Incident response plan

How a probectl security incident is detected, triaged, handled, evidenced, and disclosed. Companion to SECURITY.md (reporting intake + coordinated disclosure) and threat-model.md. Two scopes, kept deliberately distinct:

Product/vendor incidents — a vulnerability or compromise in probectl code, releases, or build infrastructure. Vendor-led; affects all deployments.
Deployment incidents — a compromise inside one operator's installation. Operator-led under their own IR; probectl's job is to give them the evidence tooling and this playbook's deployment sections.

1. Severity matrix

Sev	Definition	Examples	Acknowledge	Mitigation target
SEV-1	Cross-tenant data exposure (the declared highest-severity failure — tenant isolation is the outermost boundary); RCE in agent/control plane; compromised release artifact or signing path	tenant A reads B; malicious artifact signed	4h	fix or kill-switch ≤ 24h; advisory ≤ 72h
SEV-2	Auth/RBAC bypass within a tenant; audit-chain integrity break; secret exposure; AI egress gate bypass	consent gate skipped; WORM verify fails	24h	≤ 7 days
SEV-3	Vulnerability with significant mitigating factors; DoS of a plane; dependency CVE in a reachable path	fairness bypass; exploitable parser crash	72h	next patch release
SEV-4	Hardening gap, defense-in-depth finding, non-reachable dep CVE	scanner findings	7 days	scheduled

Cross-tenant anything starts at SEV-1 until proven otherwise. When in doubt, classify up.

2. Roles

Solo-founder reality, stated plainly: the maintainer is Incident Commander, investigator, and fixer. The compensating structure is this written plan; predefined external deputies (counsel for notification-duty questions; the affected operator's security team for deployment incidents — co-responders by design, since they hold the infrastructure); and an immutable trail (the signed WORM audit export, see ../hardening.md §0b) so every action is reviewable after the fact. The role table will be re-cut at the first security hire.

Role	Holder today	Duties
Incident Commander	maintainer	declare sev, run timeline, own comms
Investigator/fixer	maintainer (+ operator's team for deployment scope)	root cause, patch, verify
Counsel	external (engaged per incident)	notification obligations, advisory wording

3. Response flow

Intake. A report through the SECURITY.md channels (private advisory / security.txt contact), a CI security gate (security-scan.yml), the WORM chain-verification alarm, or an operator report.
Declare + log. Assign a severity; open a private timeline doc; record UTC timestamps for every action from this point on.
Contain.
- Product scope: pull or revoke the affected artifacts (cosign identities make "which artifact" provable) and gate the release lane.
- Deployment scope: the operator isolates per the runbooks — agents halt-on-error via the rollout machinery, credentials rotate, and any insecure override is audited.
Preserve evidence — before remediation mutates state.
- Export the audit chains: the provider stream's signed WORM segments are already off-database and chain-verified (internal/audit/worm.go); snapshot the tenant streams.
- Run scripts/backup_postgres.sh and scripts/backup_clickhouse.sh to capture store state with SHA-256 manifests.
- Generate a support bundle (internal/support) for config/version posture.
- Hash and retain the agent binaries/objects in question, comparing against the baked-in integrity manifest and the release signatures.
Eradicate + recover. Fix forward; release through the normal lane (the red-CI refusal stays on); upgrade the fleet as staged waves of signed artifacts with halt-on-error — an emergency changes the wave sizes, never the verification.
Notify (§4) and disclose (§5).
Post-incident review within 7 days: timeline, root cause, a tracked follow-up for every systemic gap found, and a re-review of the threat model if a trust boundary was involved.

4. Customer notification

The self-hosted nuance: the vendor cannot see deployments, so notification means telling operators what to check and what to ship, fast.

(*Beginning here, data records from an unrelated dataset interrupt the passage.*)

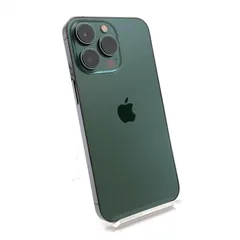 2025年最新】iphone 13 pro 256 グリーンの人気アイテム - メルカリ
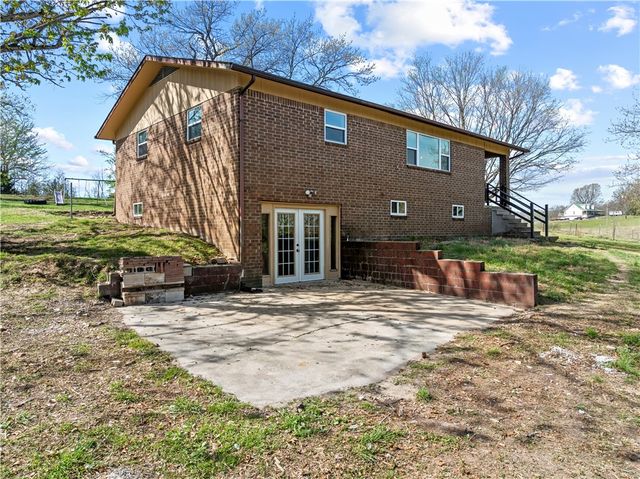 5149 Brewster Lane, Harrison, AR 72601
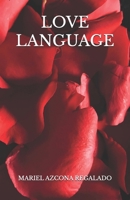 Love Language B0F2TQKL9G Book Cover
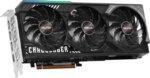 ASRock Challenger Radeon RX 9070 Graphics Card RX9070 CL 16G - Pappy Mall
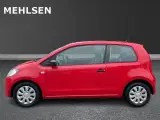 Skoda Citigo 1,0 Active Greentec 60HK 3d - 3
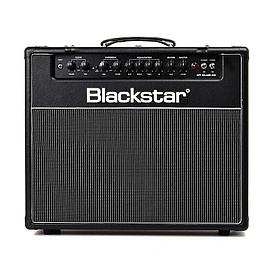 Комбоусилитель Blackstar HT Club 40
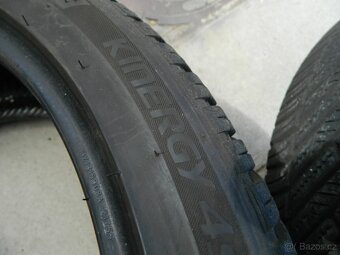 225/40 r18 92y 2ks 4sesson - 7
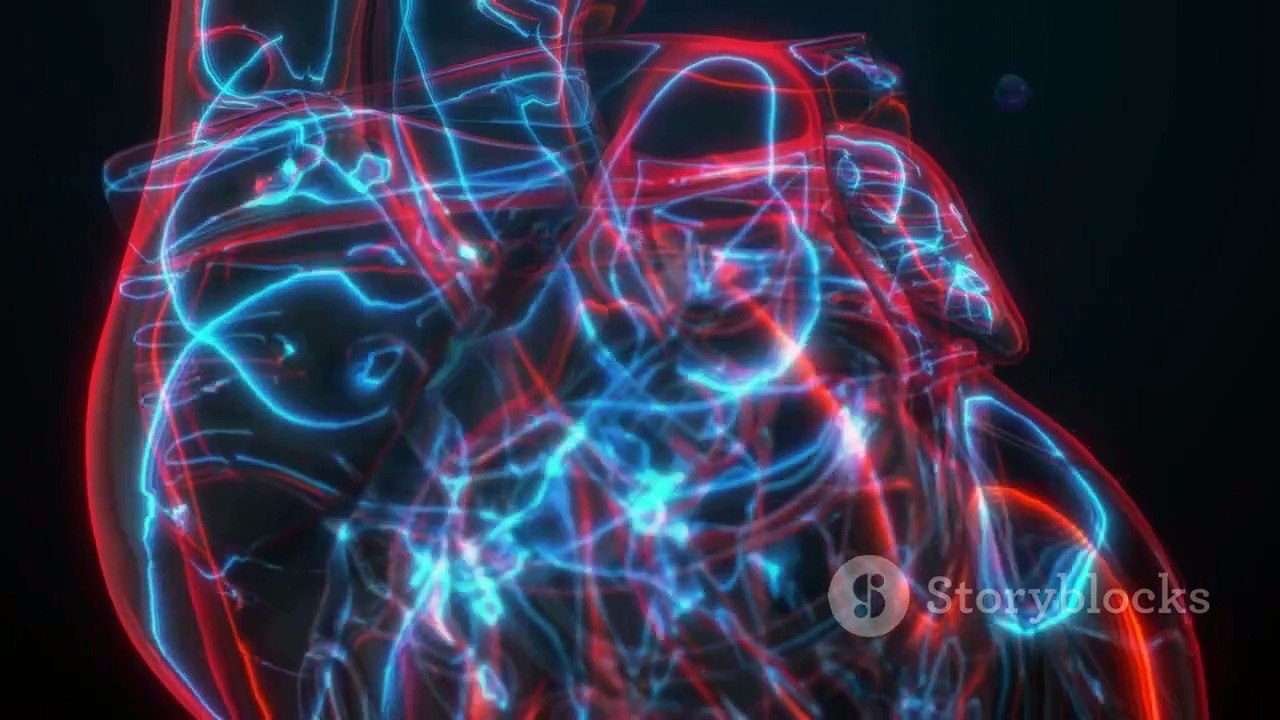 Was die Wissenschaft über Cardiotensive sagt: cardiotensive Preis,Wahrheit vs.Marketing-Hype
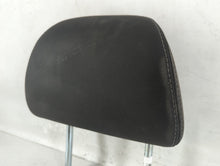 2015-2019 Subaru Legacy Headrest Head Rest Rear Seat Fits Fits 2015 2016 2017 2018 2019 OEM Used Auto Parts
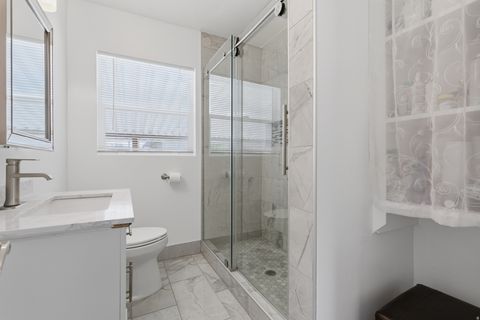 Tiny photo for 1359 E SWAN St, Ogden, UT 84401 (MLS # 2146085)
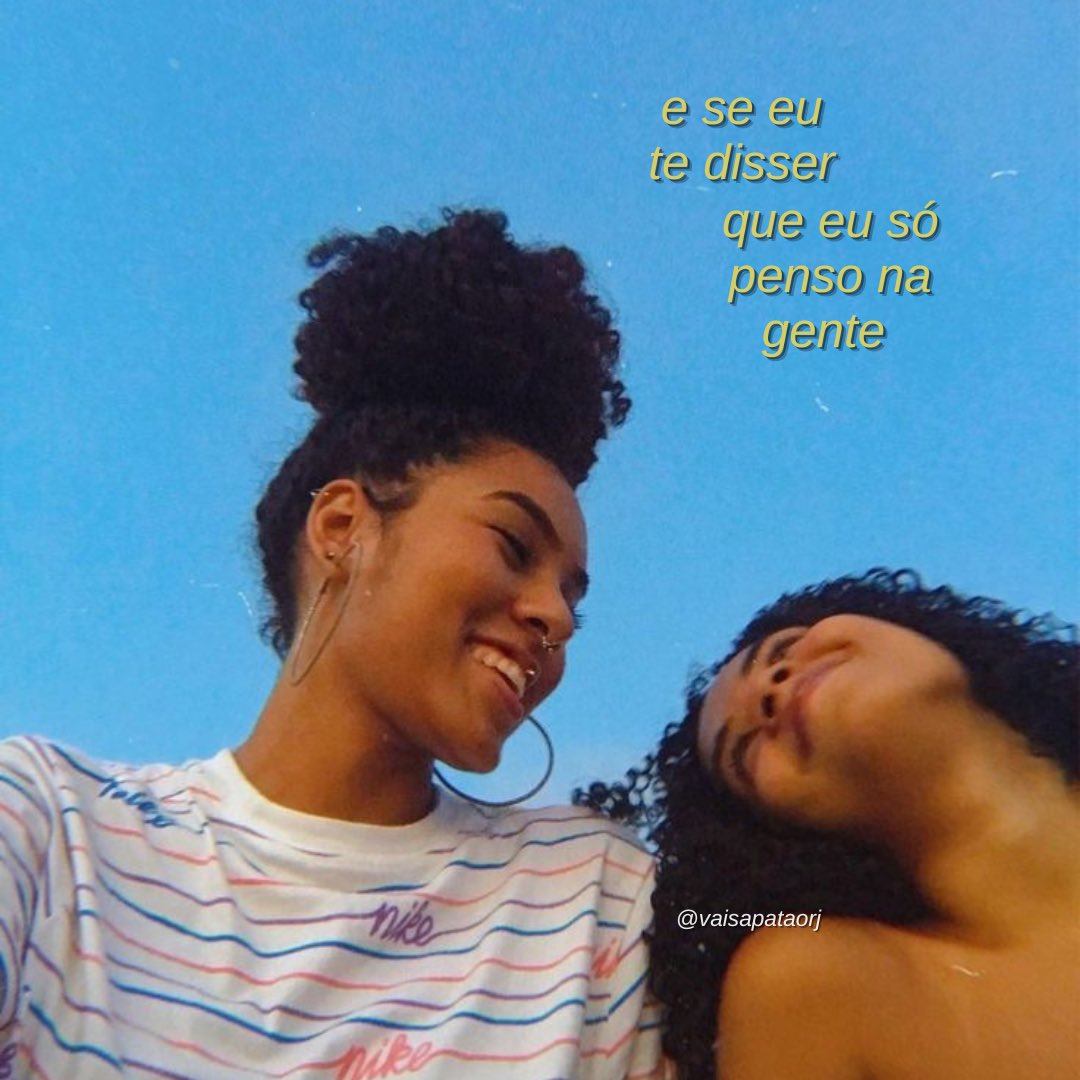 VAI SAPATÃO 🏳️‍🌈 (@vaisapataorj) on Twitter photo 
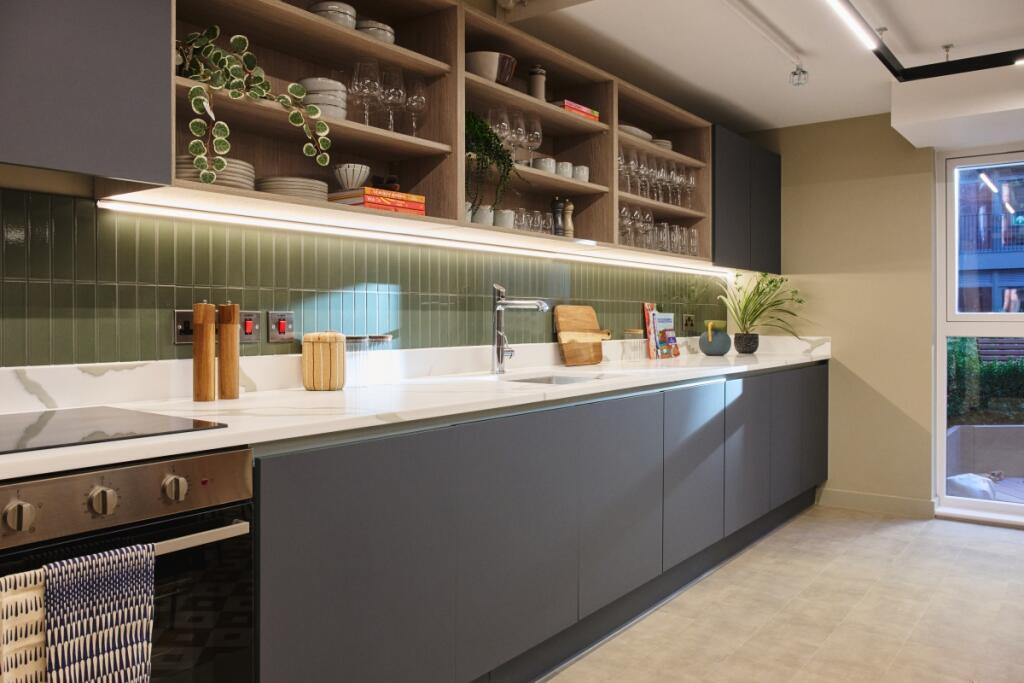 Additional image 10 of The Holloway, 12 Ellis Street, Birmingham B1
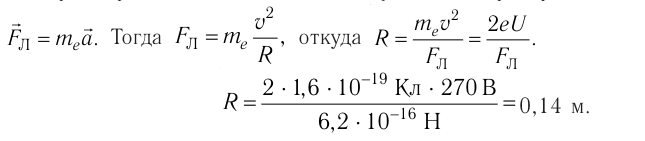 Электромагнитная индукция в физике - формулы и определение с примерами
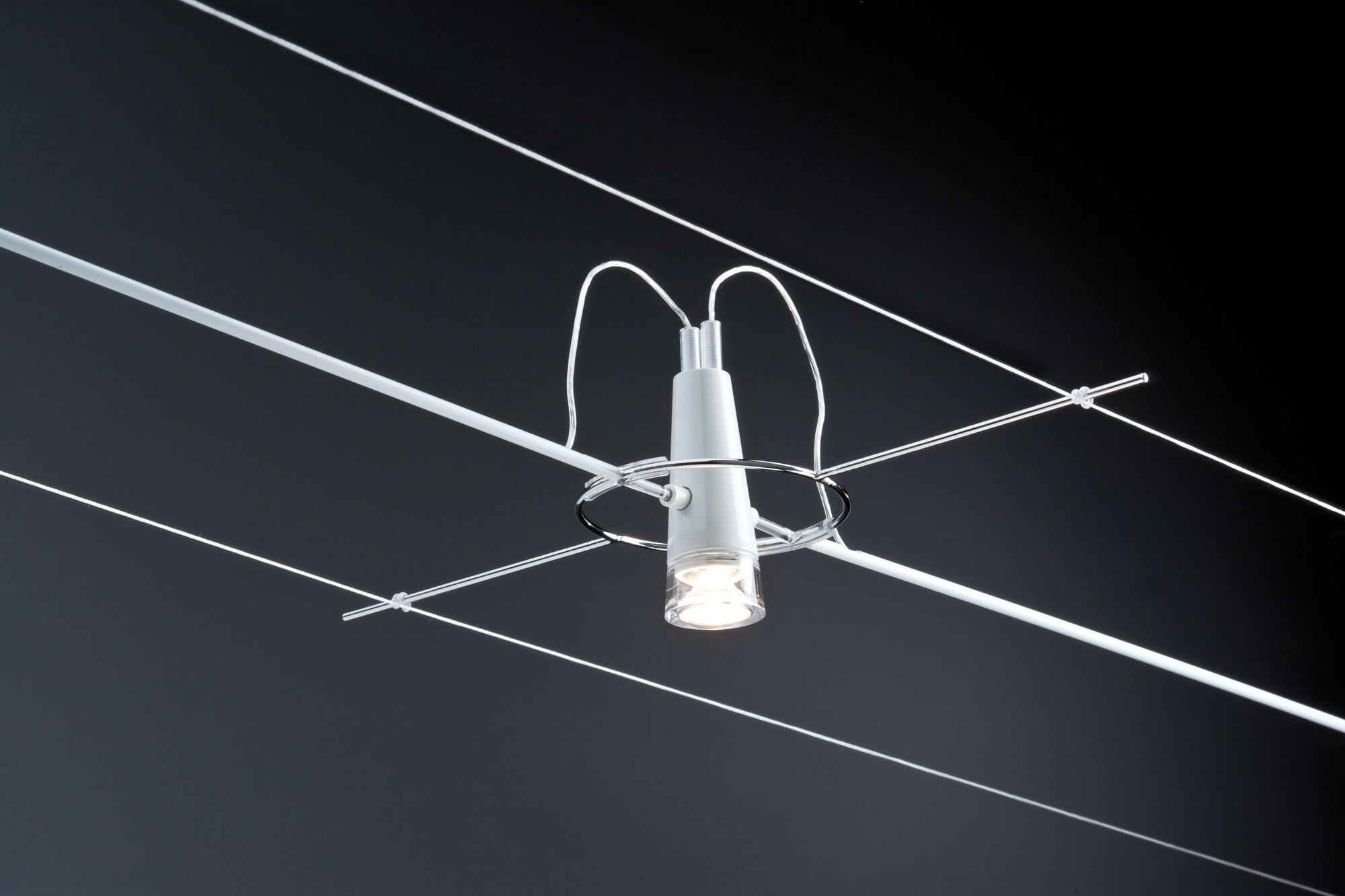 Струнная система Paulmann 94101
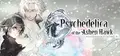Psychedelica of the Ashen Hawk Prices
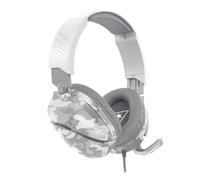 Turtle Beach - Recon 70 Arctic Camo ACC NEW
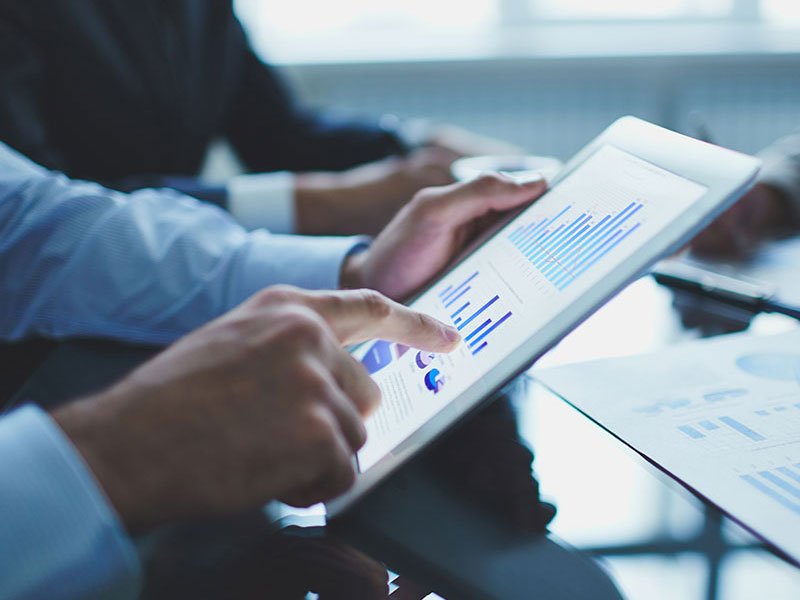 WordPress website Riyadh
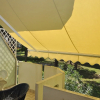 Отель Family Flat in a Residence With 3 Pools - Beahost, фото 13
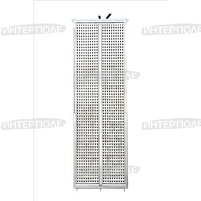 Решето верхнее 3D Claas (MEGA 350, MEDION 330-310,Dominator ,88,98,88VX,98VX, Mega202,203, 204, Commandor 114,115 Medion 310-330)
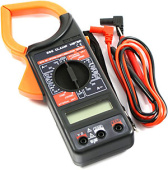 DT-266 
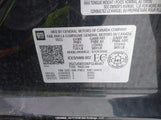 Chevrolet Silverado 2GCUDEED6P1146447 снимка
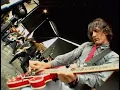 Download Lagu Sugarcult \
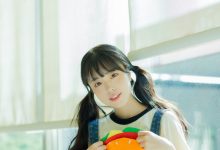 [YITUYU艺图语]2022.08.31 今天我是可爱汉堡 可爱泡泡呀[35+1P／330MB]-爱图屋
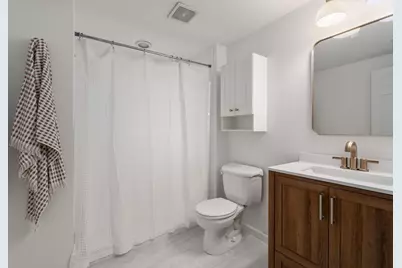 64 Constitution Rd #64, Boston, MA 02129 - Photo 18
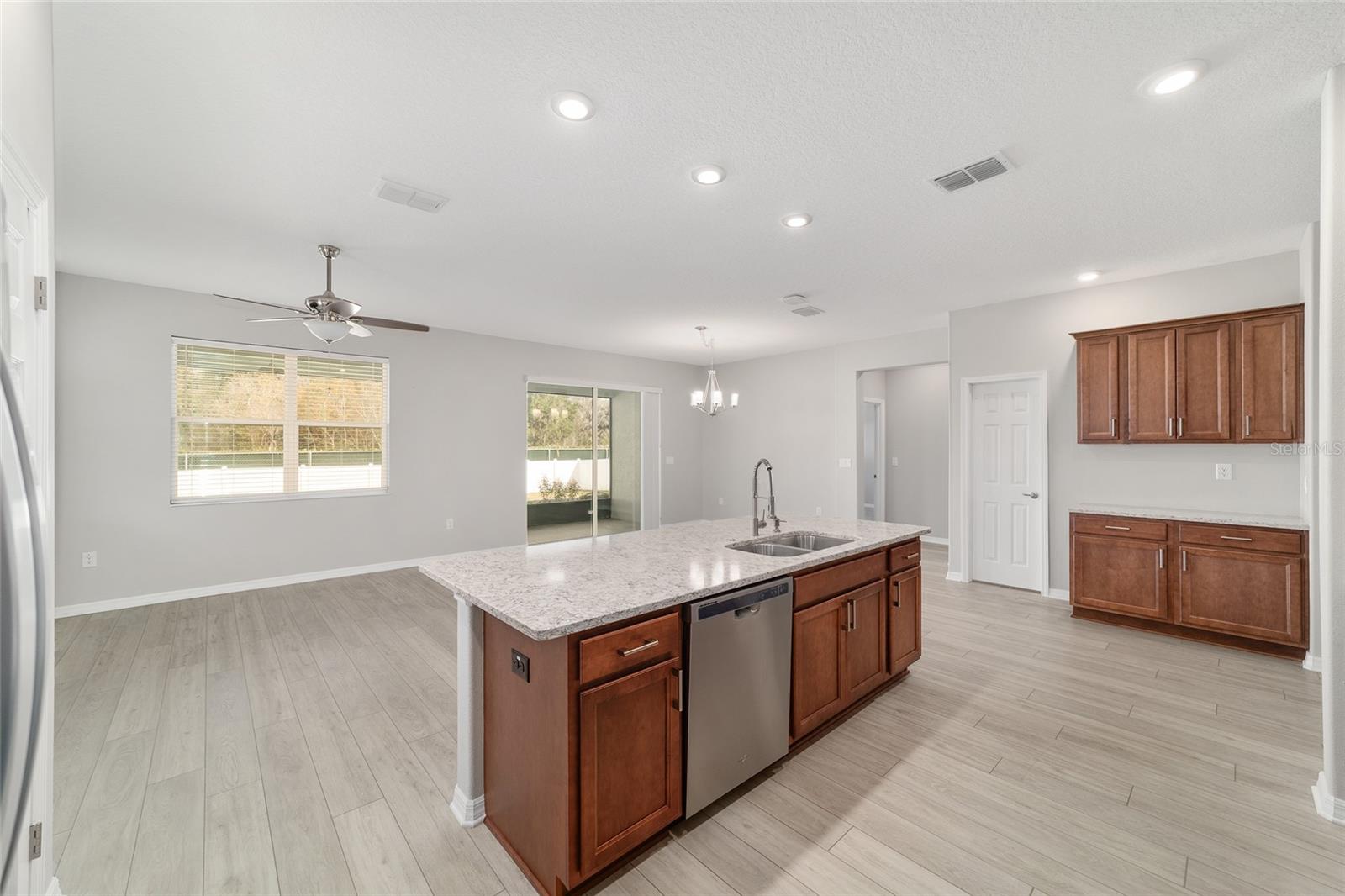 Image 22 of 55 For 8579 74th Lane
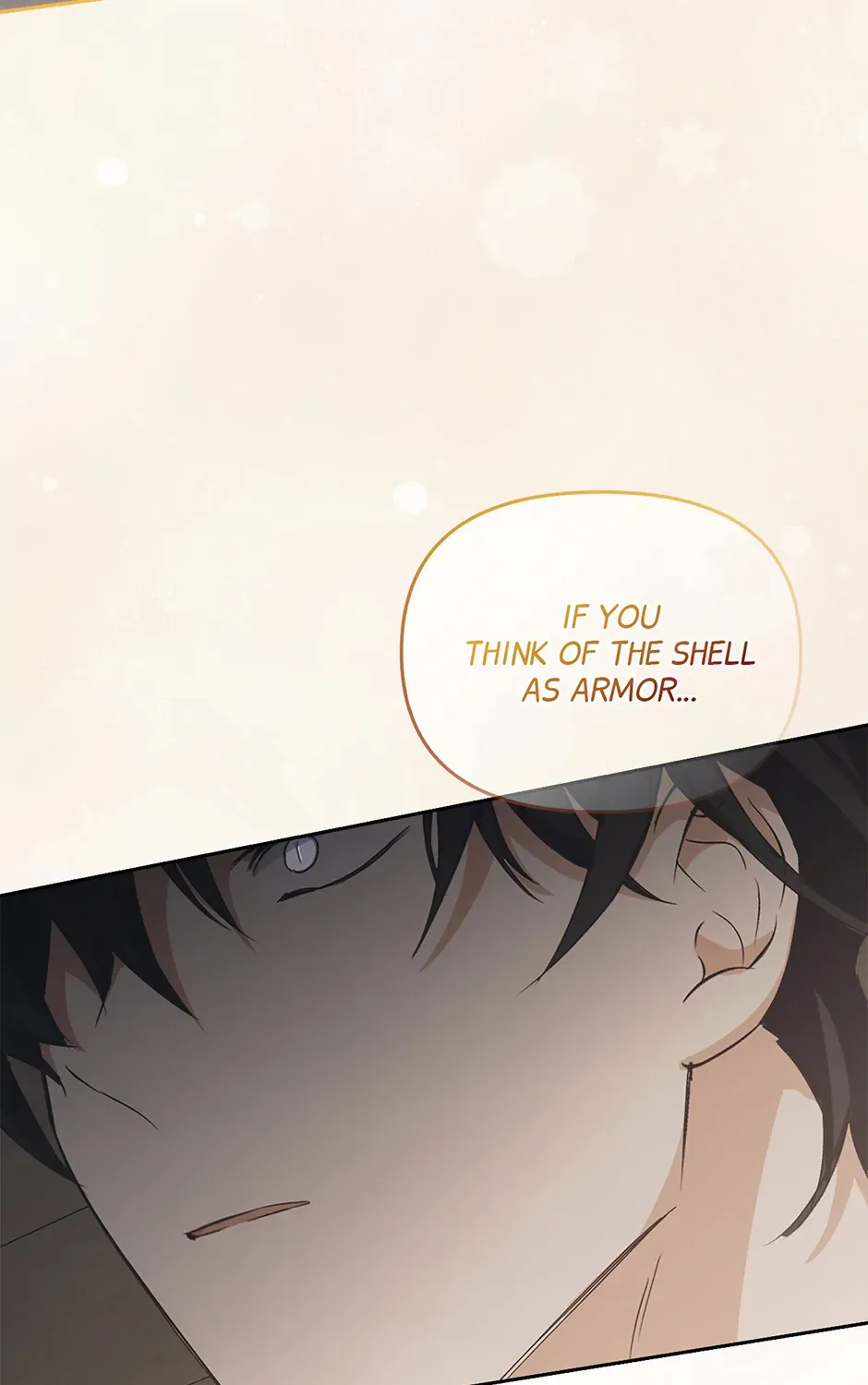 Read Regas chapter 53 image 147 on Lezhin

Channels: GitHub Security Advisory (the canonical record) plus release notes; direct contact for known enterprise/MSP operators.
SEV-1: an initial notice within 72h of confirmation, even if incomplete — affected versions, severity, interim mitigations, and indicators of compromise (how an operator checks their own audit chains and registry for the pattern). Update cadence at least every 72h until resolved.
SEV-2: notice with the fix release.
Content discipline: facts only — affected versions, the upgrade path (../ops/fleet-rollout.md), and verification steps (../ops/verify-artifacts.md). MSP operators re-notify their tenants under their own obligations; the per-tenant audit trail gives them the evidence to do it.

5. Disclosure

Coordinated disclosure per SECURITY.md: reporter credit, advisory published when a fix is available, CVE requested via GitHub for qualifying issues. Embargo target ≤ 90 days, shorter when exploitation is observed.

6. Drill

Tabletop this plan twice yearly (one product-scope, one deployment-scope using the backup/failover drills as the recovery legs) and after any SEV-1/2. Record outcomes in the review log below.

Version	Date	Change
1.0	2026-06-07	Initial plan